The tutorial schedule for the conference is located here and with so many good ones, it was hard to choose which one(s) to go to.
For the morning session, I attended Peter Zaitev’s tutorial entitled  ”InnoDB and XtraDB Architecture and Performance Optimization”. As must of us know, Peter Zaitev is the CEO and Co-Founder of Percona and an expert in InnoDB/XtraDB architecture, performance, and optimization. The session was quite good and informative. Peter went over the core InnoDB/XtraDB options in regards to performance and even some of the more. It was interesting to learn some of the more exotic options available in XtraDB (Percona’s variant of InnoDB with performance improvements) such as the ALL_O_DIRECT option for innodb_flush_method and how it impacts performance. Considering that the vast majority of the deployments of MySQL in businesses use InnoDB, the talk is quite relevant and informative.

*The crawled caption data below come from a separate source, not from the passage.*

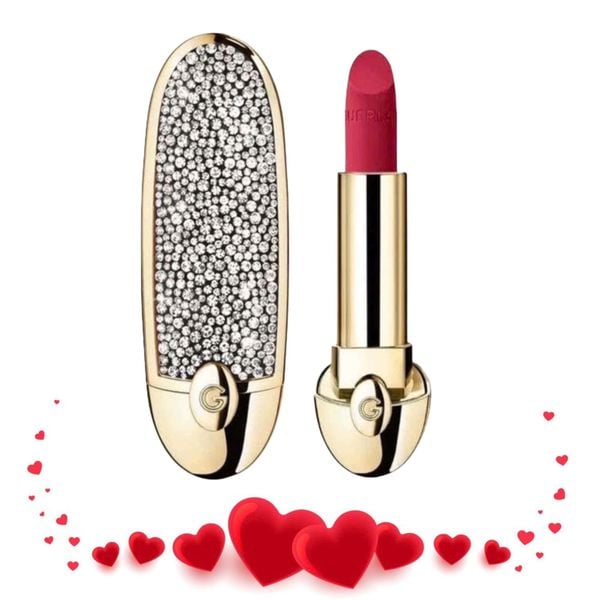 Quà Tặng 20/10 - Son Guerlain Rouge Velvet 772 Le Rose Bourbon
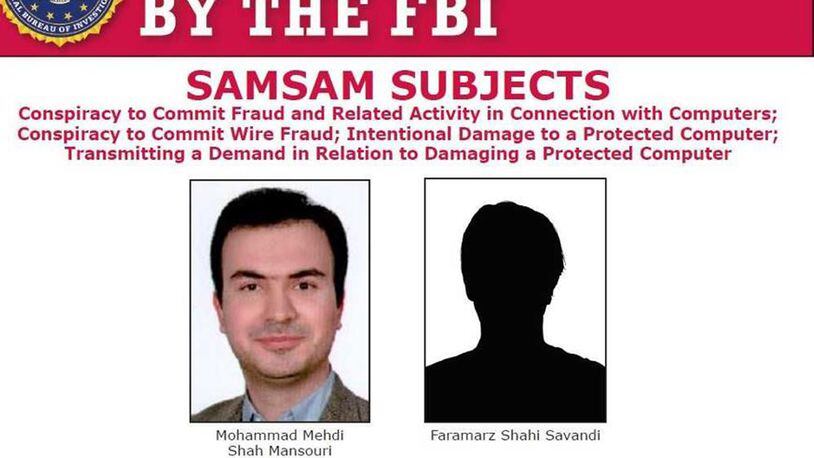 Faramarz Shahi Savandi, 34, and Mohammad Mehdi Shah Mansouri, 27, are wanted by the FBI.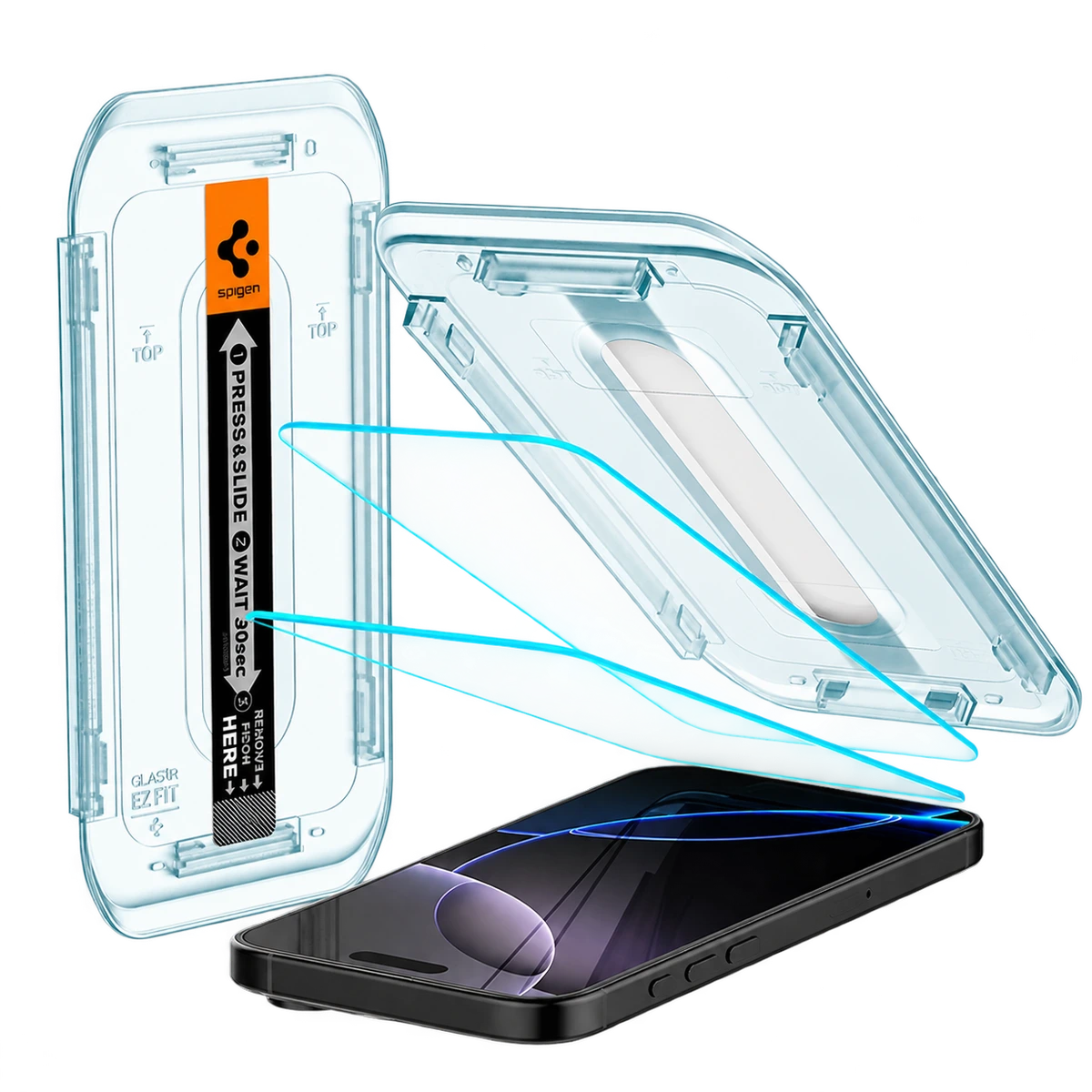 Protector Spigen GlasTR EZ Fit para iPhone 16 Pro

For the afternoon session I attended “Linux and H/W optimizations for MySQL” by Yoshinori Matsunobu of Facebook. If I had to say one thing about this session, it would be one giant info dump and I need another 30 hours to study the numbers. Yoshinori compared MySQL performance across various hardware configurations, software configuration, memory settings, version of MySQL, MySQL configurations, etc, and gathered some interesting and sometime unintuitive numbers. He also showed how modern hardware amplified  the replication lag issue which is common to slaves in MySQL and how to deal with it by judiciously using SSDs.